5. Fabrika komiteleri, sendikaların yerine geçemez. Komiteler, sadece mücadele dönemlerinde, tek tek fabrika ve işyerlerinin sınırlarının dışına çıkabilirler ve mücadelenin bir bütün olarak yürütülmesi için bir aygıt oluşturarak, tüm sanayi temelinde birleşebilirler. Sendikalar, bir işletmedeki tüm işçilere açık daha gevşek örgütler olan fabrika komiteleri gibi geniş çalışan kitleleri kapsamamalarına rağmen, halihazırda merkezileşmiş mücadele organlarıdır. Fabrika komiteleri ile sendikaların işlevleri arasındaki bu ayrım, toplumsal devrimin tarihsel gelişiminin bir sonucudur. Sendikalar, çalışan kitleleri ülke çapında daha kısa işgünü ve daha yüksek ücret talepleri temelinde mücadele için örgütler. Fabrika komiteleri, üretim üzerinde işçi denetimini sağlamak, ekonomik kaosa karşı mücadele etmek için örgütlenir; fabrikadaki bütün işçileri kapsar, ama onların mücadelesi aşamalı bir şekilde ulusal ölçekli bir nitelik kazanabilir. Ancak sendikalar kendi bürokrasilerinin karşı-devrimci eğilimlerinin üstesinden gelebildikleri, yavaş yavaş devrimin organları haline dönüştükleri ölçüde, komünistler fabrika komitelerini sendikaların fabrika kolları haline getirme çabasını desteklemelidirler....
III
... Savaş sırasında burjuvazinin uşaklığını yapan oportünist sendika liderleri, şimdi sendika enternasyonalini yeniden kurmaya ve onu uluslararası sermayenin proletaryaya karşı mücadelesinde bir silah haline getirmeye çalışmaktadırlar. Legien, Jouhaux ve Gompers liderliğinde, uluslararası kapitalist soygun sisteminin örgütü olan Milletler Cemiyeti’ne bağlı bir çalışma bürosu oluşturuyorlar. Onlar bütün ülkelerde, işçileri kapitalist devletin temsilcilerinden oluşan hakem kurullarına boyun eğmeye zorlayan yürürlükteki yasalarla, grev hareketlerini boğmaya çalışıyorlar. Her yerde, vasıflı işçilere ödünler bahşetme konusunda kapitalistlerle bir anlaşmaya varmaya çalışarak, işçi sınıfının büyüyen birliğini bozmayı amaçlıyorlar.

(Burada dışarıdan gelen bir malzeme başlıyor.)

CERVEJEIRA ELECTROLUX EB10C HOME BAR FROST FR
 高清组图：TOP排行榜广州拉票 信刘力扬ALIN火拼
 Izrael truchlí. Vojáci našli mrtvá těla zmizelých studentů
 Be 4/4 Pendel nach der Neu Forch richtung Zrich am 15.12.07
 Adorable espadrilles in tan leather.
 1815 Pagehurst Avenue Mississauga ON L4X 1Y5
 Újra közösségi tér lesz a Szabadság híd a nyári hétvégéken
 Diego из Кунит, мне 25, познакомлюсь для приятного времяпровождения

Bütün ülkelerde, proleterlerin ekonomik mücadelesi, giderek daha devrimci bir içerik kazanıyor. Bu nedenle sendikalar, kendi ülkelerinde olduğu kadar diğer ülkelerdeki devrimci mücadeleleri de desteklemek için bütün güçlerini bilinçli bir şekilde kullanmalıdırlar. Bu amaçla, yalnızca kendi ülkelerinde mücadelenin mümkün olan en geniş ölçüde merkezileşmesini sağlamak için uğraşmamalı, çeşitli parçaları mücadeleyi karşılıklı destekle ortak olarak yürüten bir ordu içinde birleşmek suretiyle Komünist Enternasyonal’e katılarak bunu uluslararası ölçekte yapmalıdırlar.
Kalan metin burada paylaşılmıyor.